Grayscale Investments filed a second amendment to its S-1 registration statement with the U.S. Securities and Exchange Commission on May 11, 2026, to formally advance its proposed … ultra-liquid ETF.
High liquidity enters the institutional phase
According to the most recently submitted documents, as competition intensifies among altcoin ETF products, institutional investor interest in Hyperliquid’s native token, HYPE, continues to grow. The filing states that the proposed product, currently named the Grayscale HYPE ETF, aims to allow investors to gain direct exposure to the HYPE token without holding the actual token. The trust will operate similarly to spot Ethereum and Bitcoin ETFs by holding actual HYPE tokens within its fund structure.

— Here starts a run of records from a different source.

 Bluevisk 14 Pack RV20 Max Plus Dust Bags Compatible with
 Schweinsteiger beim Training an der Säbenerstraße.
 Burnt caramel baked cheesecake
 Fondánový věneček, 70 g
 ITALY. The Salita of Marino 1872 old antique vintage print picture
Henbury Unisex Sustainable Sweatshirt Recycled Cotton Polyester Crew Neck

The new staking provision is one of the most significant changes in this revision. The clause previously added by Grayscale may allow the ETF to profit from it. Staking HYPE holdings If U.S. regulators approve this structure, the company has even suggested the product could ultimately be named the Grayscale Hyperliquid Staking ETF.

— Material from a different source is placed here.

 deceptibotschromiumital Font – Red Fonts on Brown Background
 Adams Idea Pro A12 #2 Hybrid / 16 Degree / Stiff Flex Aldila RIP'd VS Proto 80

This document also highlights Hyperliquid’s rapid transformation from a professional decentralized derivatives platform into a competitive institutional-grade exchange. According to Grayscale’s own records, as of March 31, 2026, HYPE has entered the top ten digital assets by market capitalization, with daily trading volume exceeding $230 million.

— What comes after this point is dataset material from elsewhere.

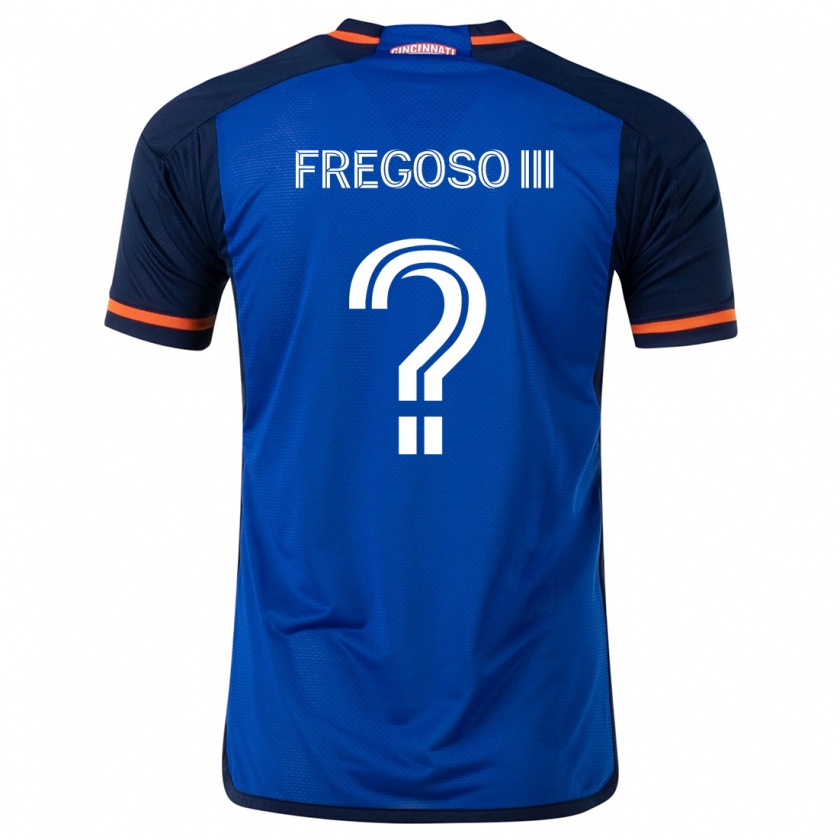 Kandiny Férfi Arturo Fregoso Iii #0 Kék Fehér Hazai Jersey 2024/25 Mez Póló Ing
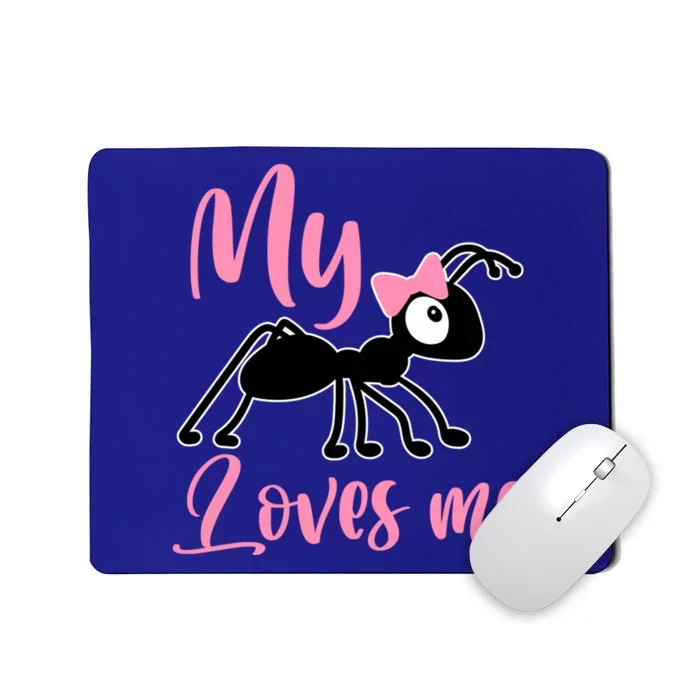 Ant Design My Aunt Loves Me Family Funny Gift For Nephew And Niece Gift Mousepad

The ETF structure is also becoming closer to operational completion; in the previous revision, Anchorage Digital Bank assumed Coinbase’s custodian role, while BNY Mellon continues to handle administrative and transfer agency functions. This change indicates that Grayscale is enhancing the product to improve its long-term institutional compatibility and regulatory credibility.
In addition, the broader context must be considered. The listing of ultra-liquid ETFs is no longer limited to Grayscale. As companies like Bitwise and 21Shares compete to launch similar investment products, ultra-liquidity is becoming one of the fastest-growing institutional investment directions in the cryptocurrency space.
Although this document does not guarantee market access, it does confirm a key point: hyperliquidity is no longer viewed as a speculative side hustle. Wall Street is actively building infrastructure around it.